Work to be completed: The required output holds only the lines from the one containing "Bianca Comparato Instagram" through the end of the material below, copied exactly, please, with no pictures.

== Input for this task ==

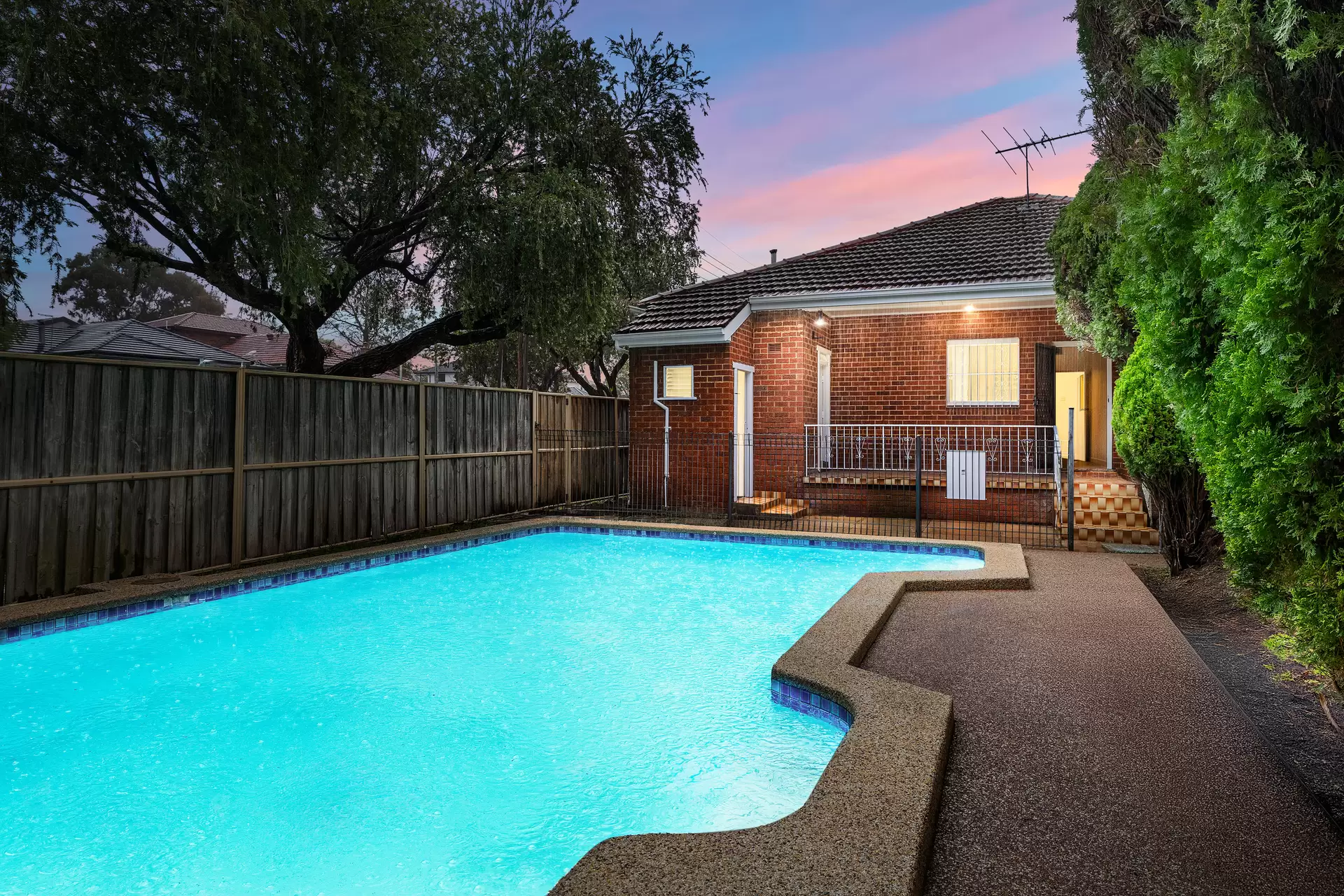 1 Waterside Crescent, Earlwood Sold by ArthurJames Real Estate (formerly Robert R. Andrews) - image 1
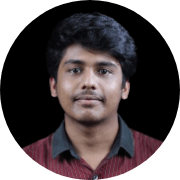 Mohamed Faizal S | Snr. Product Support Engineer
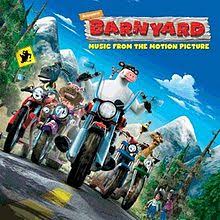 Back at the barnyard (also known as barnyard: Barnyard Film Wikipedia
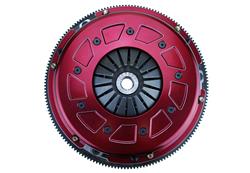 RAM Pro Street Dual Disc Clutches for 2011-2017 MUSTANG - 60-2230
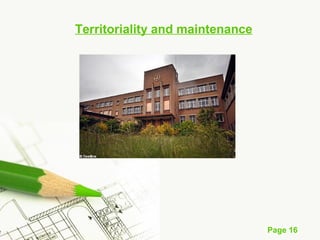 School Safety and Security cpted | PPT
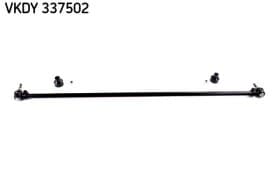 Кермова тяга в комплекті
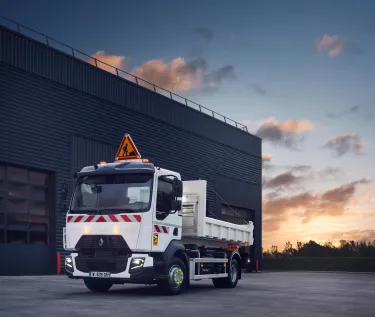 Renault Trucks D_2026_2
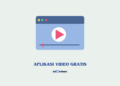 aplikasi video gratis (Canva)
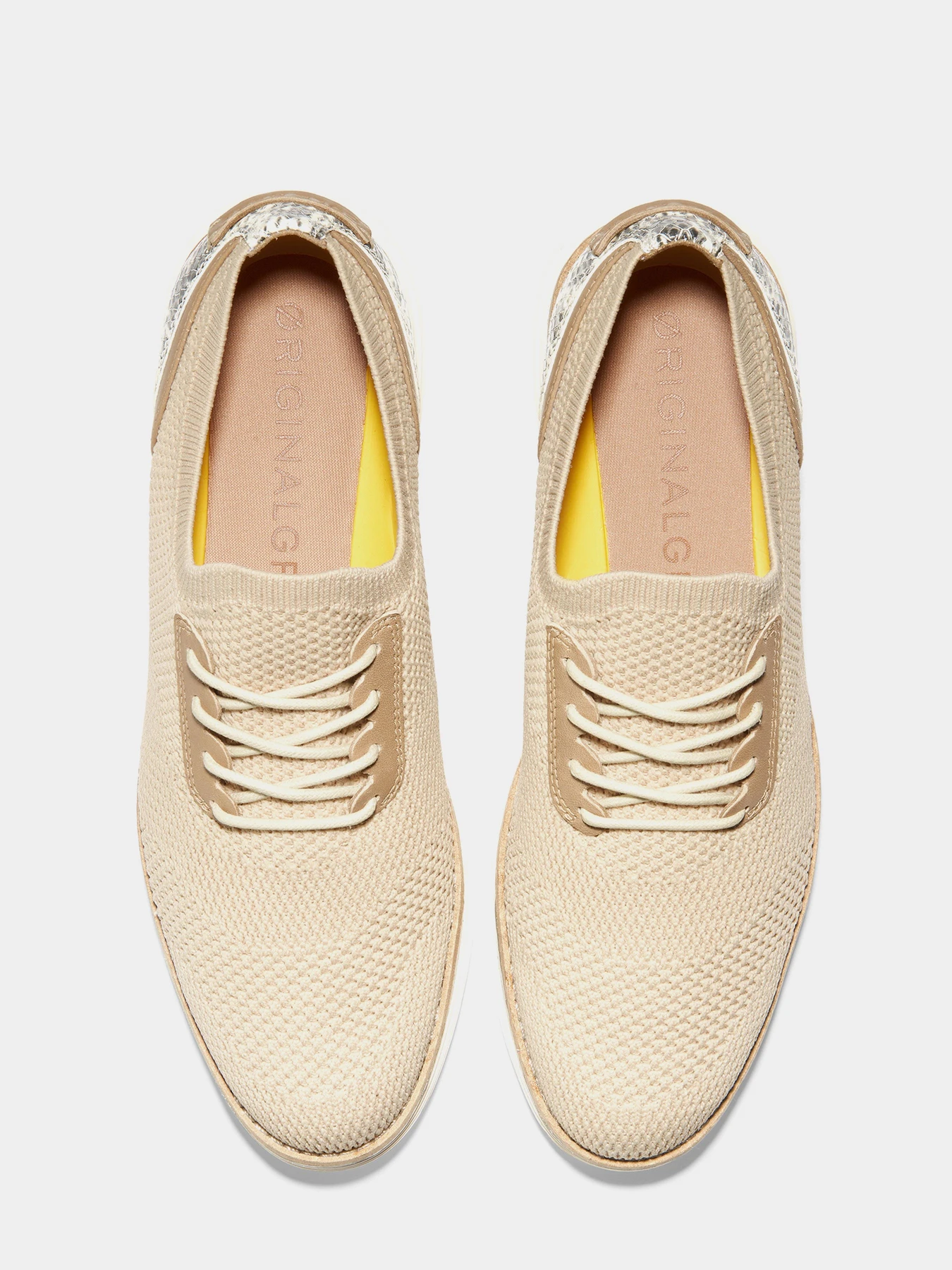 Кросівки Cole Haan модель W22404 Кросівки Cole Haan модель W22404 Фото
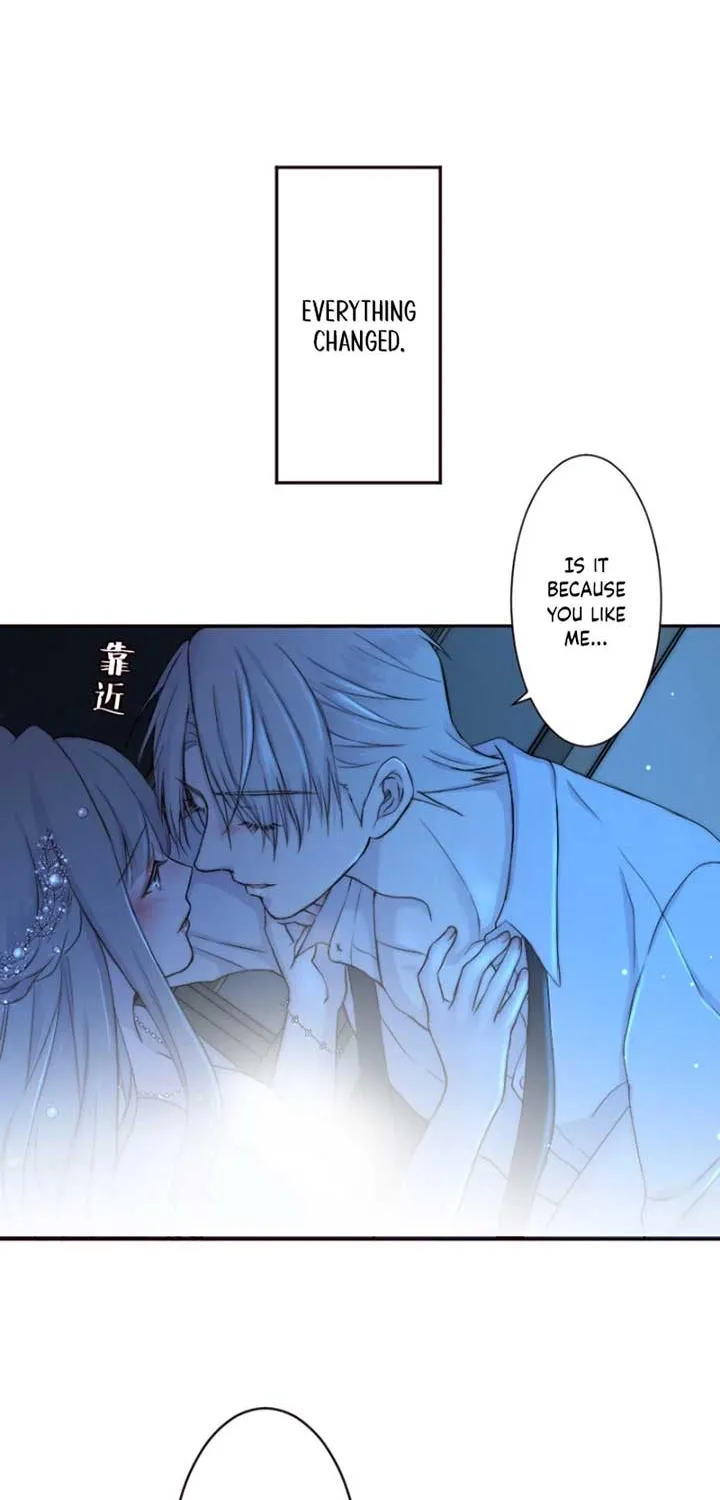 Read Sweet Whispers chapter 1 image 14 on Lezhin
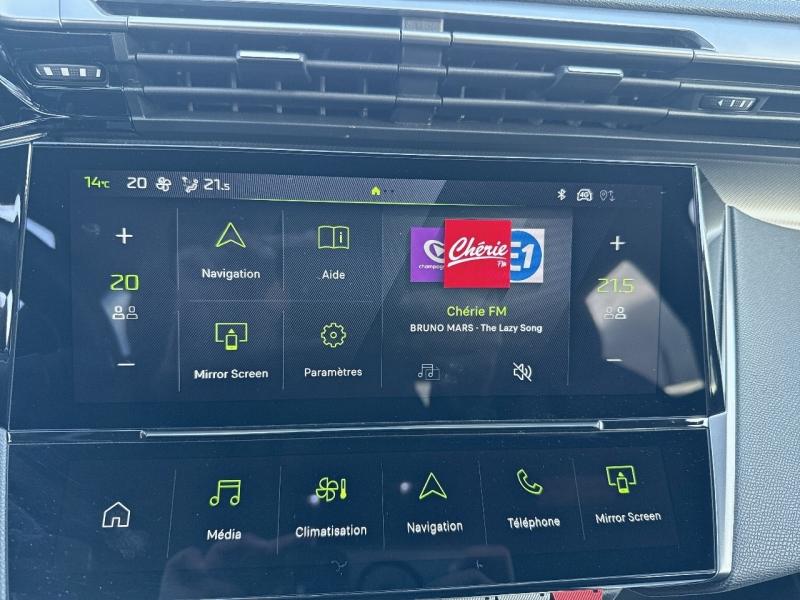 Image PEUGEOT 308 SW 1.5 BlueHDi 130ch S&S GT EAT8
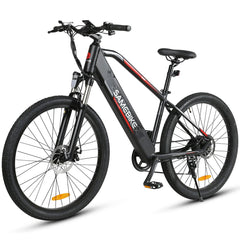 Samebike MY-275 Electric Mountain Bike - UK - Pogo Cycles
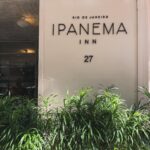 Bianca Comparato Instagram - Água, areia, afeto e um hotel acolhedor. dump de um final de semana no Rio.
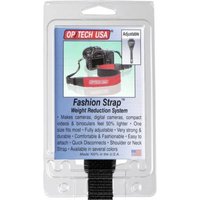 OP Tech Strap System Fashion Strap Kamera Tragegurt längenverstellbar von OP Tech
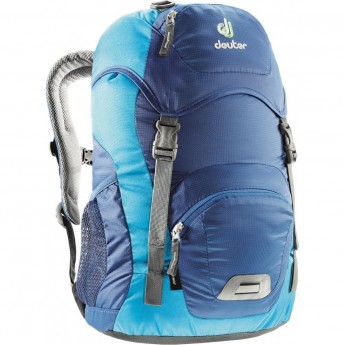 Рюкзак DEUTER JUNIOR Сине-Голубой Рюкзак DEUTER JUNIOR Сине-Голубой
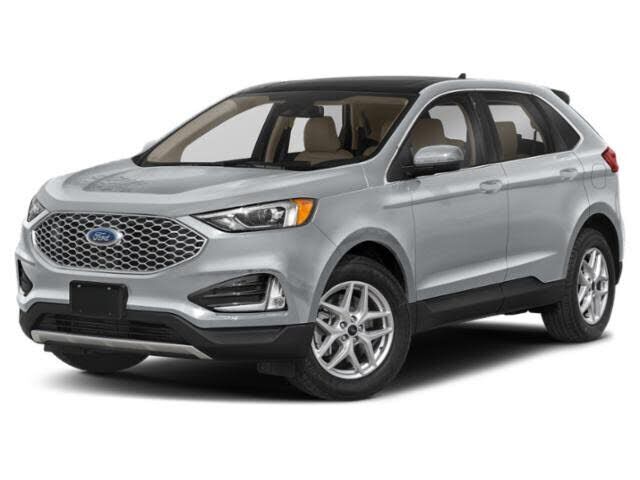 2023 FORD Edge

===

Result of this exercise:
 Bianca Comparato Instagram - Água, areia, afeto e um hotel acolhedor. dump de um final de semana no Rio.
 OP Tech Strap System Fashion Strap Kamera Tragegurt längenverstellbar von OP Tech
 Рюкзак DEUTER JUNIOR Сине-Голубой Рюкзак DEUTER JUNIOR Сине-Голубой
 2023 FORD Edge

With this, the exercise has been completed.